■ Problem description ■
At the line containing "3 pcs conjunto", begin an exact copy of the lines below and continue through the final one, with no pictures.

■ Image-text web data ■
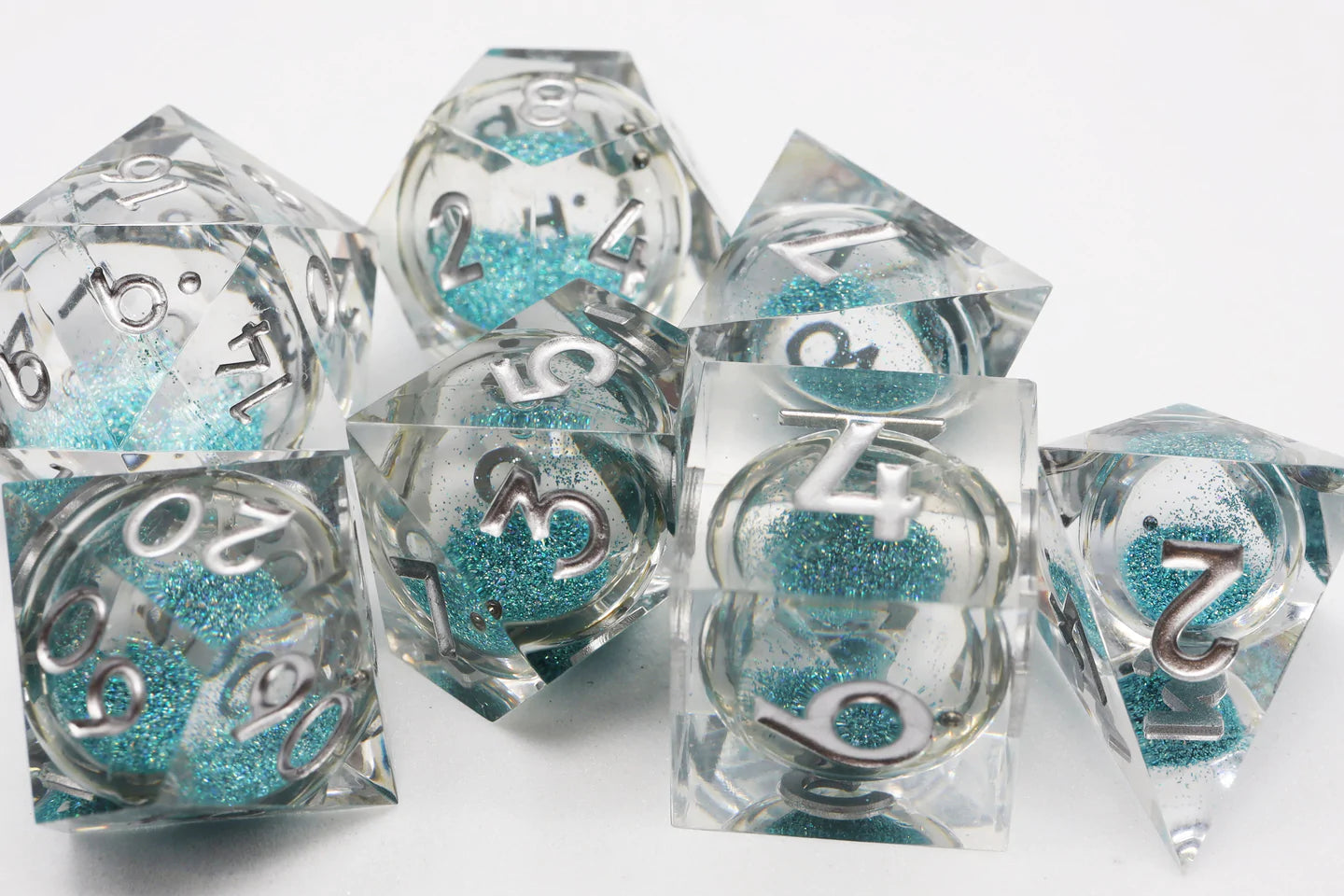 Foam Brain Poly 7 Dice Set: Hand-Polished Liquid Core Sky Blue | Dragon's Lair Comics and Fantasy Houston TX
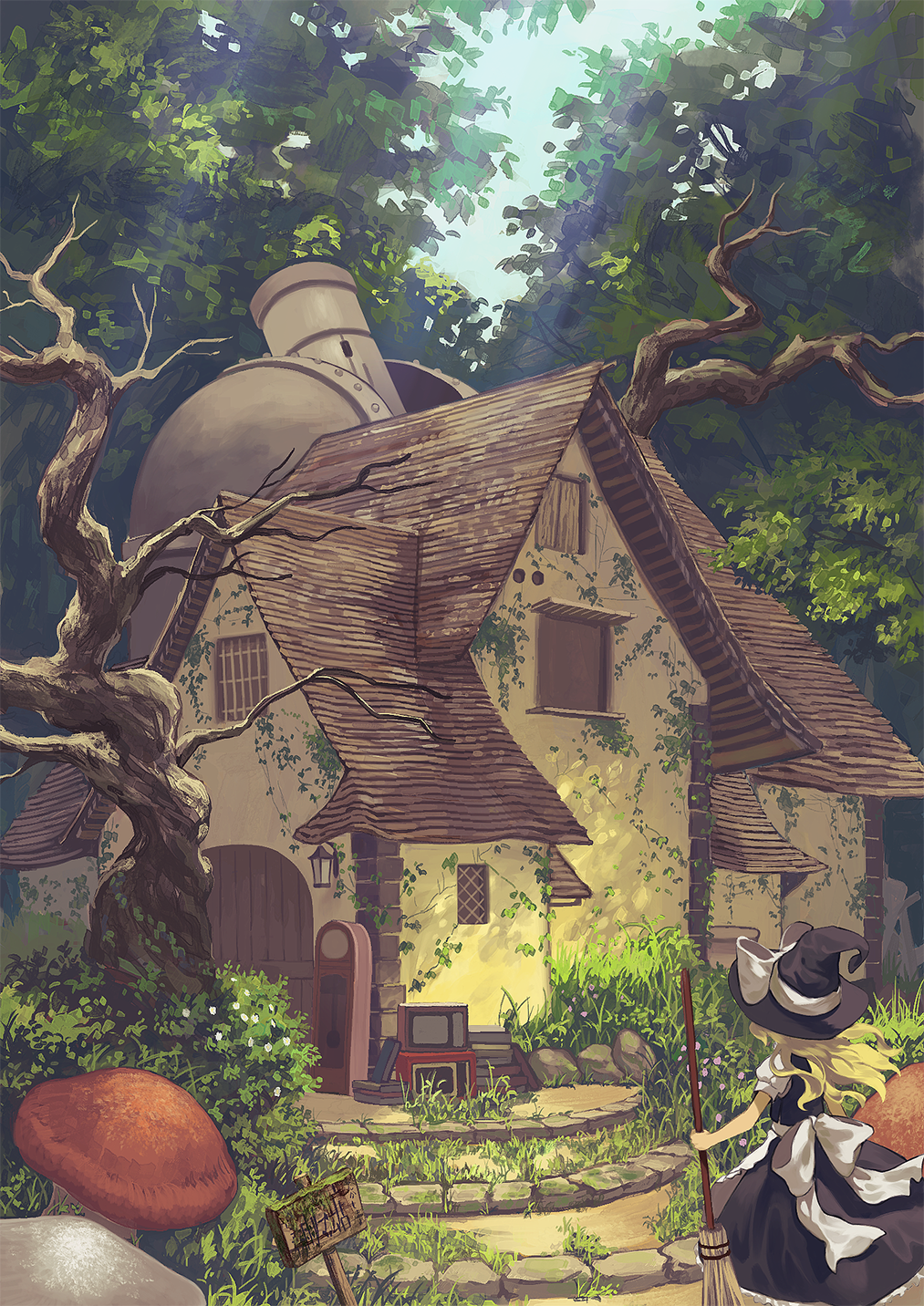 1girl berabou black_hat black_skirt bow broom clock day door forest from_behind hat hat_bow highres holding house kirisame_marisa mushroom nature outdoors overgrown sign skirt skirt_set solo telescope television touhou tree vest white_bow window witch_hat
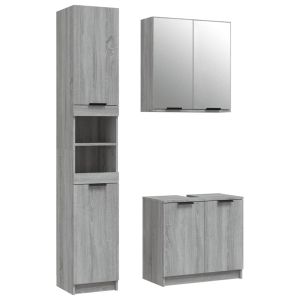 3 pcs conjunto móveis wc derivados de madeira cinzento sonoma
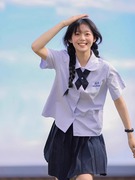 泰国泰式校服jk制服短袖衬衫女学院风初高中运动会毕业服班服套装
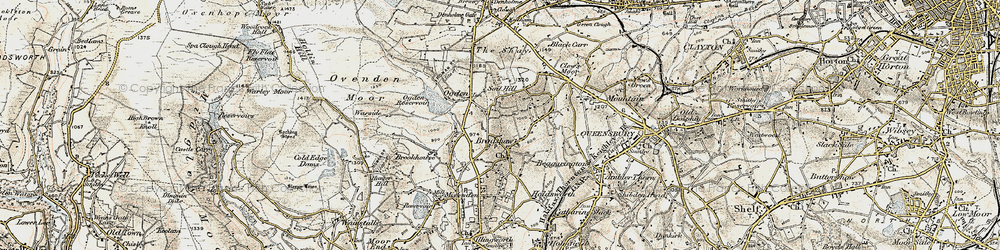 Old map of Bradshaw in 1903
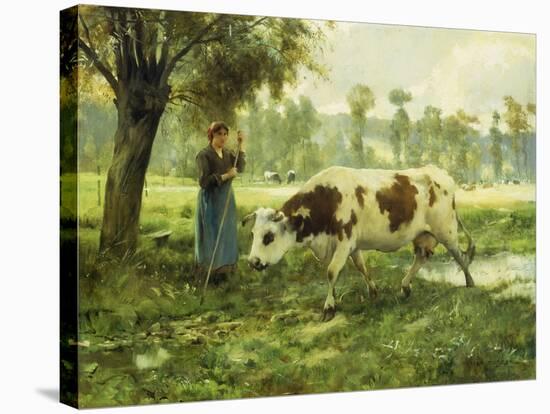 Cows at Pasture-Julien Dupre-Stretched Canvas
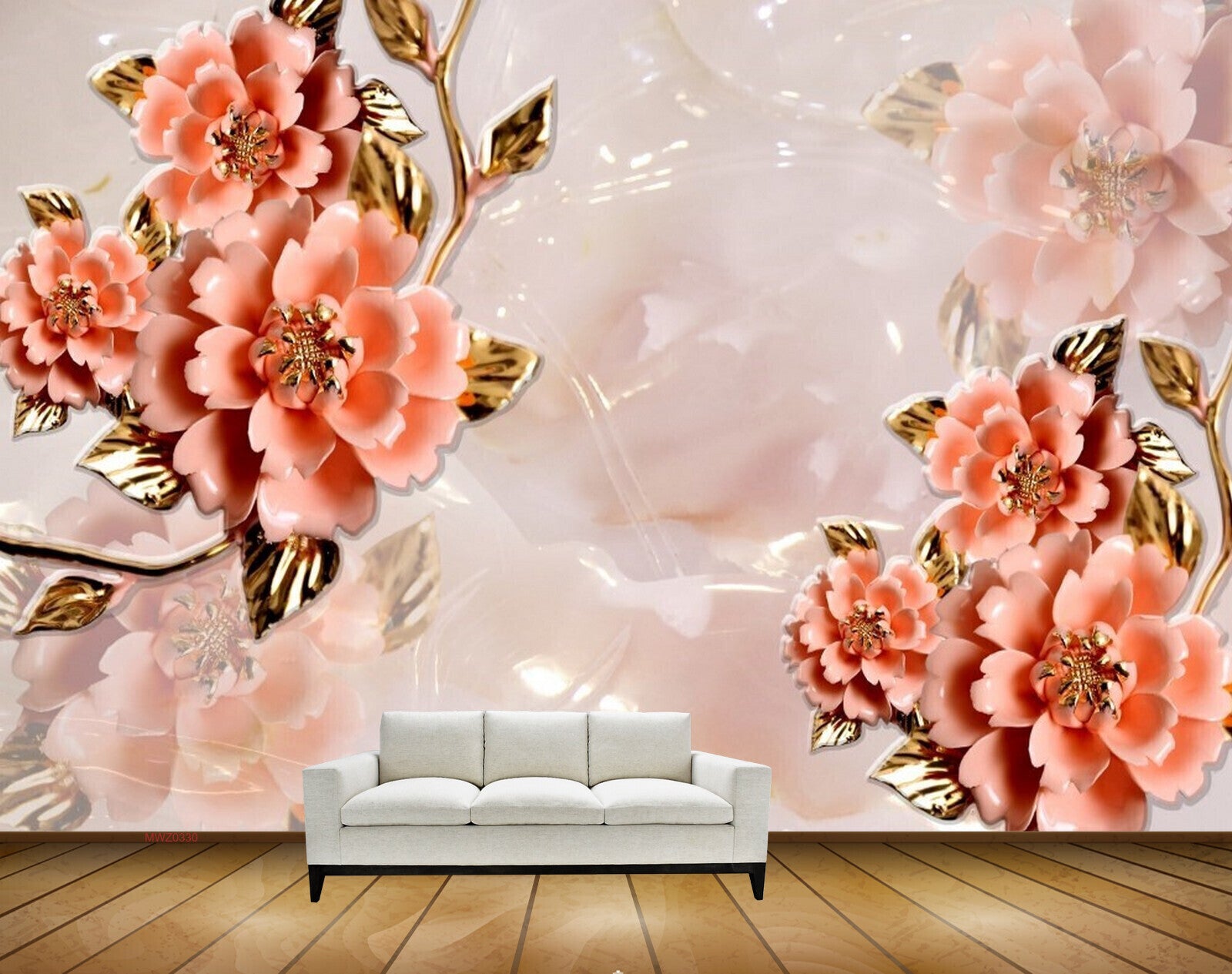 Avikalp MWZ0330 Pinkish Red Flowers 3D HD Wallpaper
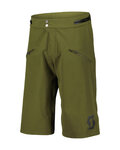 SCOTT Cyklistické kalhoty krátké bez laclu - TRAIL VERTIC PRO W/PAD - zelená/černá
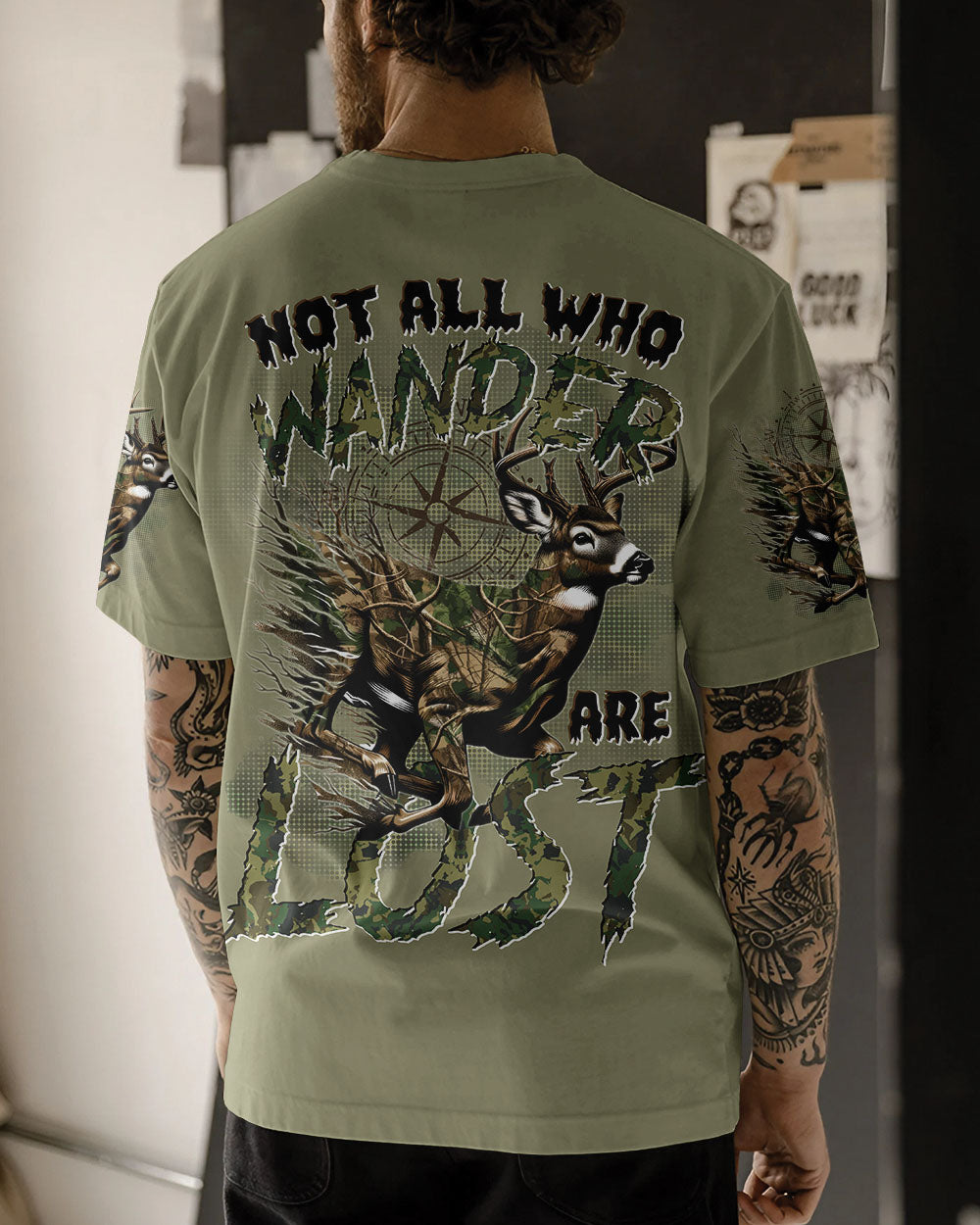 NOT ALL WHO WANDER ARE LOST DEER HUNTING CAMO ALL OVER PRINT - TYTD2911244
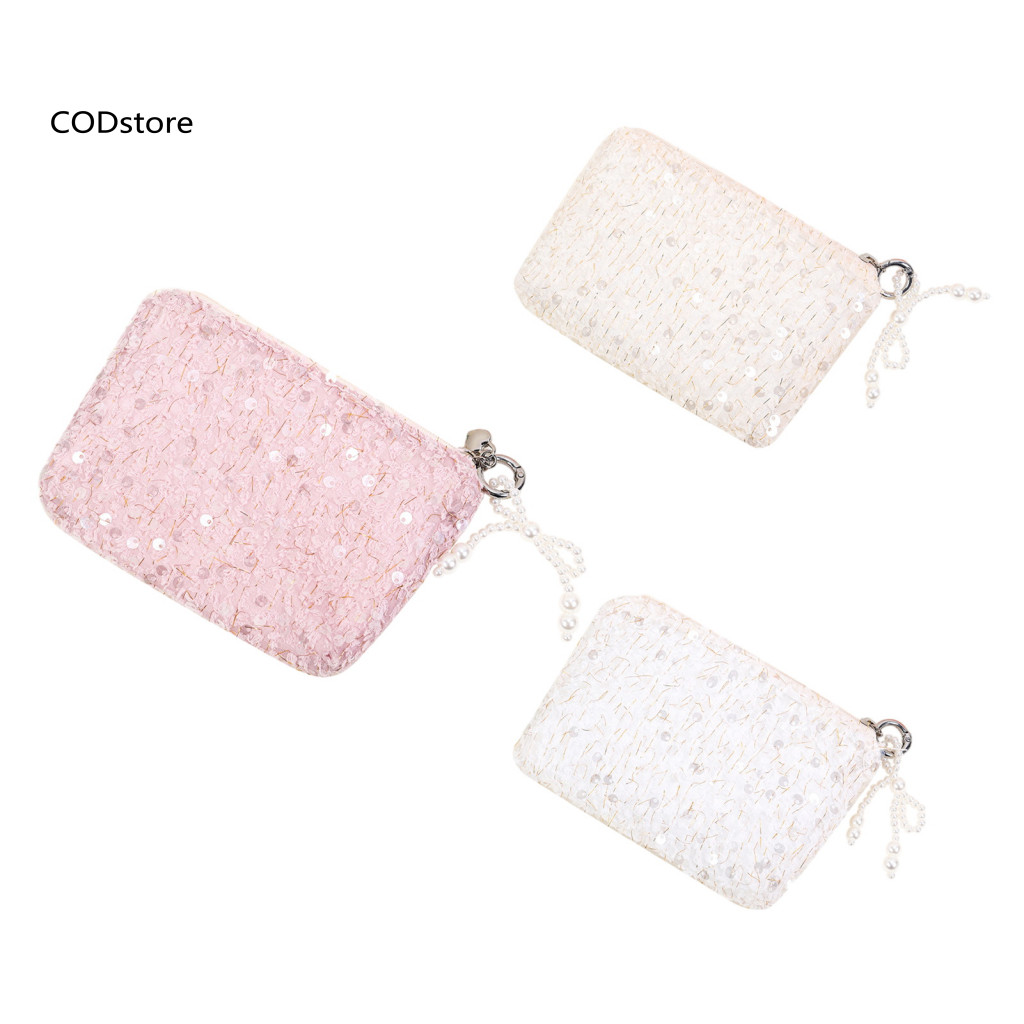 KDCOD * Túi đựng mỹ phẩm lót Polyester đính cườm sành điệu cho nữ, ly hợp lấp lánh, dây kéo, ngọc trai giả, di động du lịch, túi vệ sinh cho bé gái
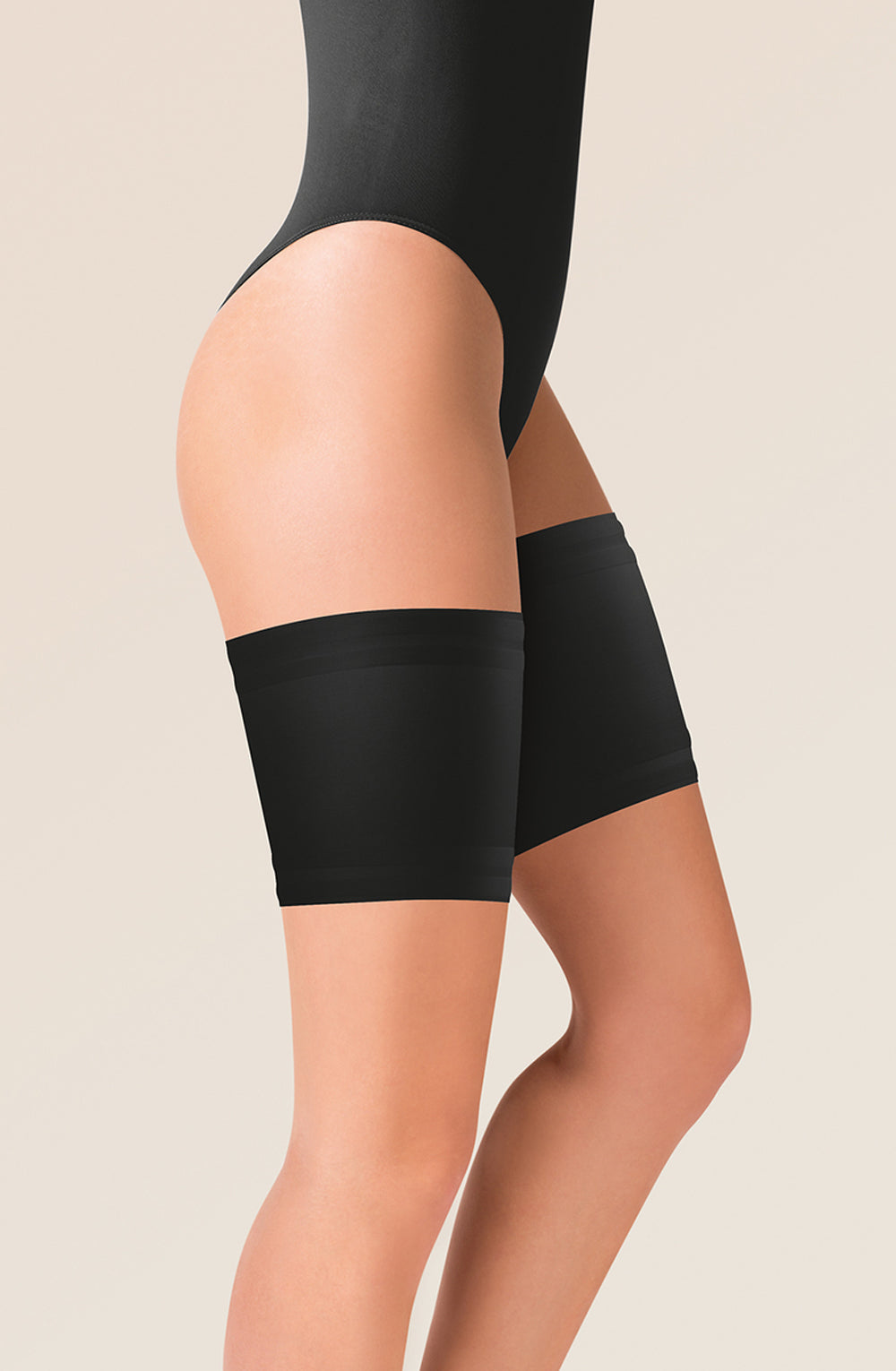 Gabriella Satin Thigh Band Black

■ Reply to the exercise ■
 3 pcs conjunto móveis wc derivados de madeira cinzento sonoma
 泰国泰式校服jk制服短袖衬衫女学院风初高中运动会毕业服班服套装
 Old map of Bradshaw in 1903
 Cows at Pasture-Julien Dupre-Stretched Canvas
 Avikalp MWZ0330 Pinkish Red Flowers 3D HD Wallpaper
 SCOTT Cyklistické kalhoty krátké bez laclu - TRAIL VERTIC PRO W/PAD - zelená/černá
 NOT ALL WHO WANDER ARE LOST DEER HUNTING CAMO ALL OVER PRINT - TYTD2911244
 KDCOD * Túi đựng mỹ phẩm lót Polyester đính cườm sành điệu cho nữ, ly hợp lấp lánh, dây kéo, ngọc trai giả, di động du lịch, túi vệ sinh cho bé gái
 Gabriella Satin Thigh Band Black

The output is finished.